The games device, that was officially exposed at this year’s E3 Trade event in Los Angeles, California, has been hotly anticipated.
Although many of the console’s features and upgrades were announced in February, Sony had kept potential consumers guessing on some essential information, including the general design of the Playstation 4.
Andrew House, President and Group CEO of Sony Computer Entertainment, said the Playstation 4 represents, in some ways, a totally new Playstation.
Perhaps the reports that has many people talking may be the announcement the PS4 will critically undercut its nearest rival, Microsoft’s Xbox One, on cost. Mr. House announced the Playstation 4 would be sold at US $399 (£349) upon release, whilst, at the same exhibition, Microsoft had earlier revealed how the Xbox One would be US $499 (£429).
One more important announcement came when it was revealed that Sony would not be introducing any limitations on second hand games. In truth, the Playstation 4 won’t even require players to regularly validate their consoles via the Net to be able to continue play.
Conversely, Microsoft has added more limitations regarding who a player can buy second-hand titles from. The company has even gone as far as to require Xbox One gamers to connect to the net once every day in order to use their console.
In response to Sony, there is approximately one hundred forty Playstation 4 video games currently in progress, with one hundred roughly expected to go for sale within the Playstation 4′s 1st year of issue. Industry insiders have speculated that Sony are trying to reach out to indie developers, mainly those that feel stifled by Microsoft.

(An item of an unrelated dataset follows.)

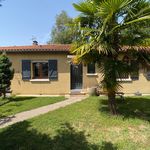 Maison de plain pied avec jardin clôturé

Drawing a huge cheer from the spectators, Jack Tretton, boss of SEA stated, “PS4 won’t impose any new limitations for your use of Playstation 4 game discs,”
BBC correspondent Dave Lee reported that, “If console battles were decided by the frequency and volume of whoops and cheers from highly strung gaming fanatics, then Sony has won it hands down”.
Sony’s announcement is seen by some like a calculated strike against Microsoft, with IGN.com’s UK Editor-in-Chief Alex Simmons recounting it as a extremely public slap across Microsoft’s face.
Sony declined to offer a release date for the new machine, but tenaciously hinted the Playstation 4 ought to arrive around Christmas time.